Les lecteurs e-paper pourraient en effet avoir un énorme succès si ils sont plus adaptés à la mobilité, légers, utilisables en extérieur, peu fragiles, et vendus à des prix très bas. Si la lecture de livres numériques explose (avec une offre gratuite conséquente), l’encre électronique pourrait devenir plus séduisante, car il semble que les coûts de production peuvent être vraiment réduits.

Beaucoup de fabricants ont commencé à baisser les prix (Sony par exemple), et certaines marques pourraient suivre rapidement (déjà prévu pour Nook).

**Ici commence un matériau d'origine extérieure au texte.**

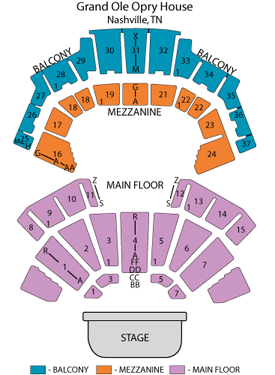Grand Ole Opry Seating Chart Main Floor - Chart Walls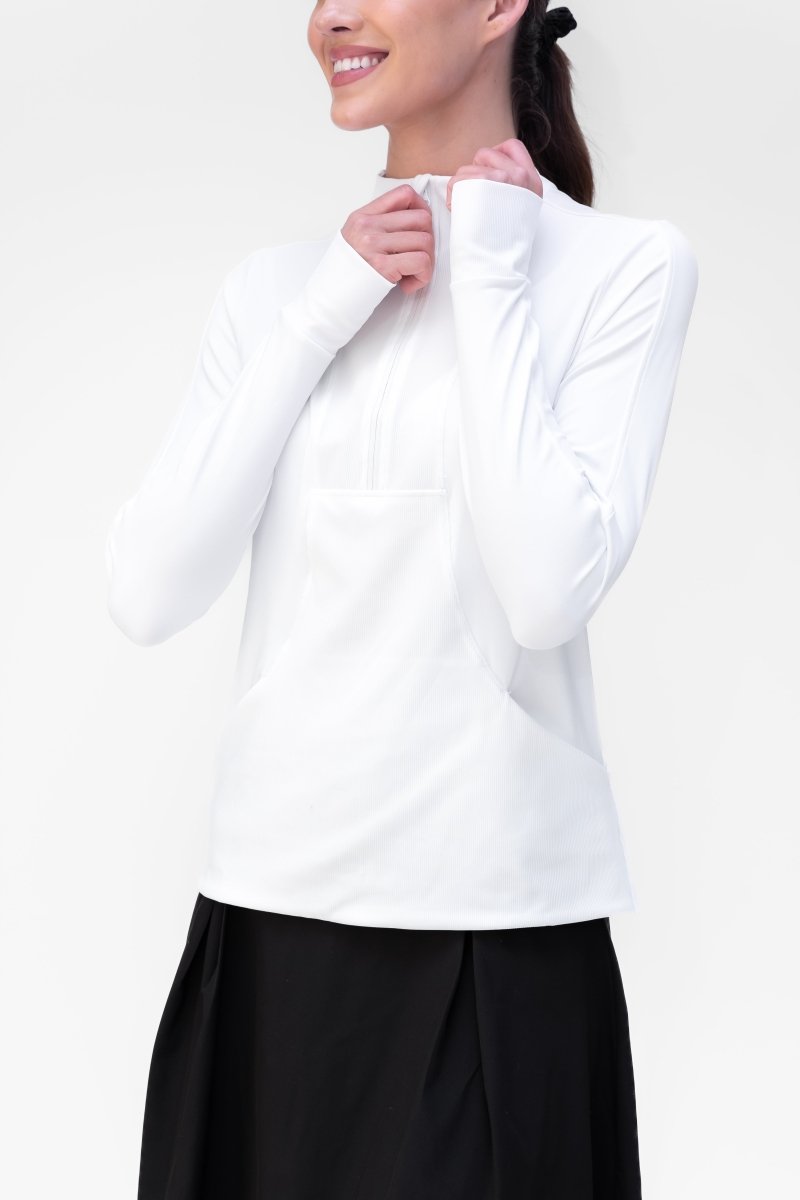 ENDURE HALF ZIP (WHITE) - Top - Yakira Bella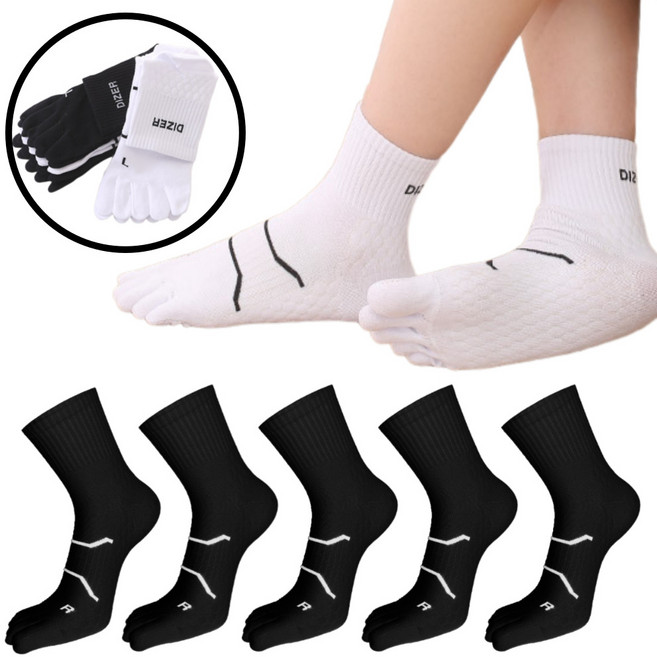 씨엠 발가락 스포츠 패션 남성 면 양말 5P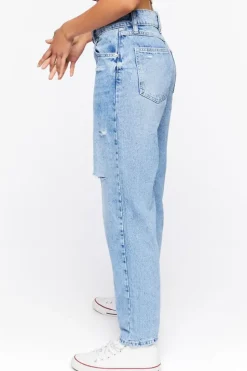 Distressed Straight-Leg Jeans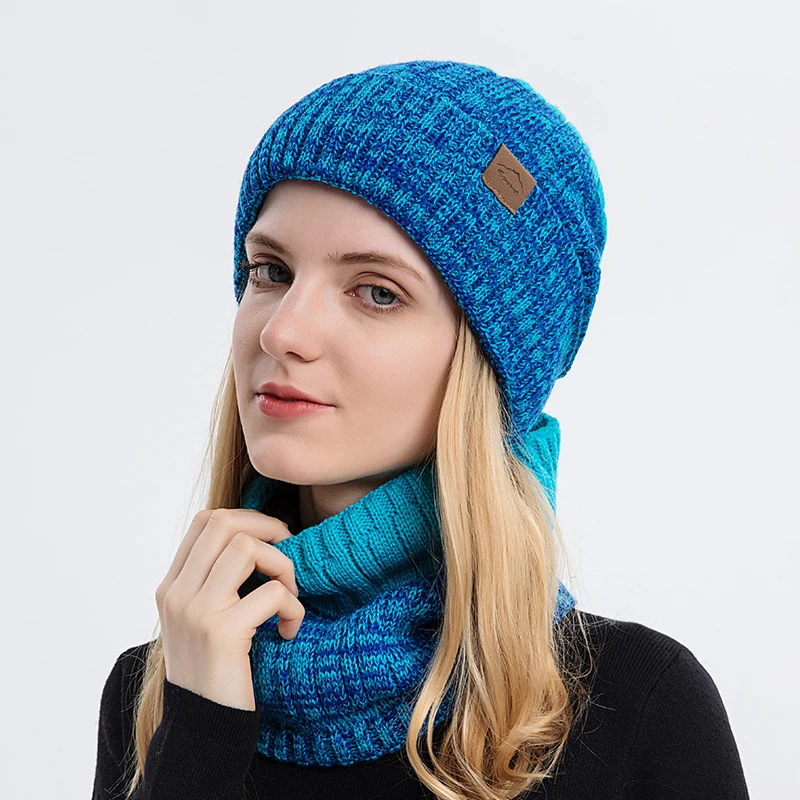 Cappelli invernali per uomo berretti Casual berretto lavorato a maglia da donna scaldino spesso sciarpa cappello set autunno coppia berretto da esterno berretti di moda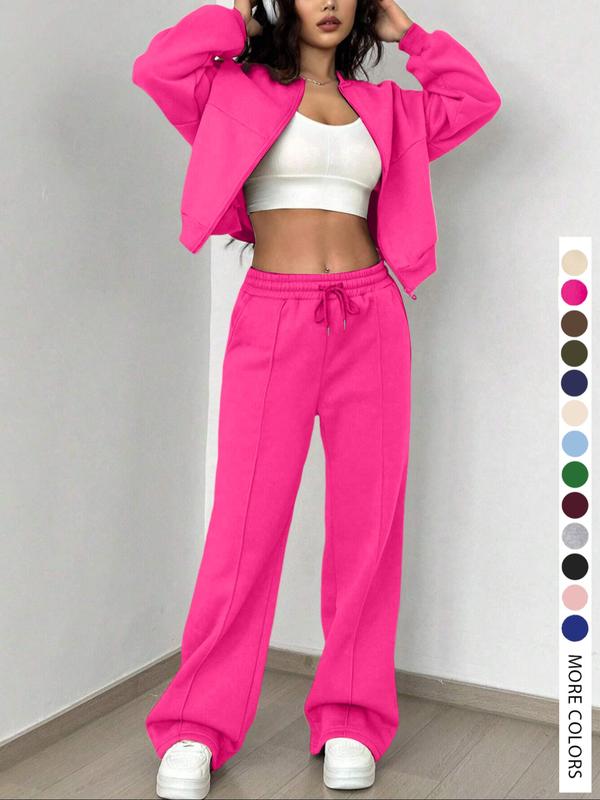 Women's Casual Striped Long Sleeve Zipper Jacket and Pants Set, Airport Wear, Fitted Natural Waist, Regular Length, All Seasons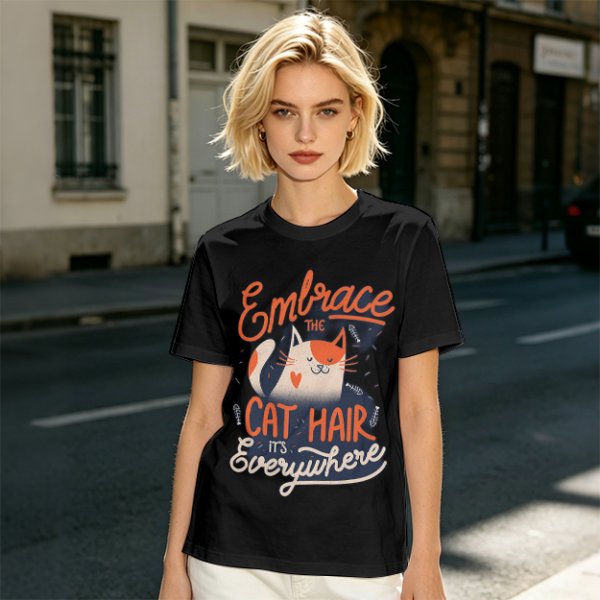 Olive T-Shirt with 'Embrace the Cat Hair It's Everywhere' Cat Graphic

Certains comme le Kobo reader se positionnent aussi sur les bas prix (150 €), et à n’en pas douter, la barre des 100 € sera atteinte avant la fin 2010 sur certains modèles.

Les consommateurs pourraient bien craquer pour un lecteur à encre électronique, pour peu qu’elle soit beaucoup moins chère que les tablettes.

Les premières tablettes à bas prix arrivant aussi, (Archos propose une tablette 7 pouces à 149 €, avec des fonctions ebooks), et avec des dimensions plus adaptées à la mobilité que les tablettes plus chères.

C’est donc peut-être dans les prix plancher que se trouve le vrai positionnement, et avec la couleur, tant qu’à faire. Et c’est d’ailleurs ce que préconisent certains experts aux marques qui produisent des lecteurs.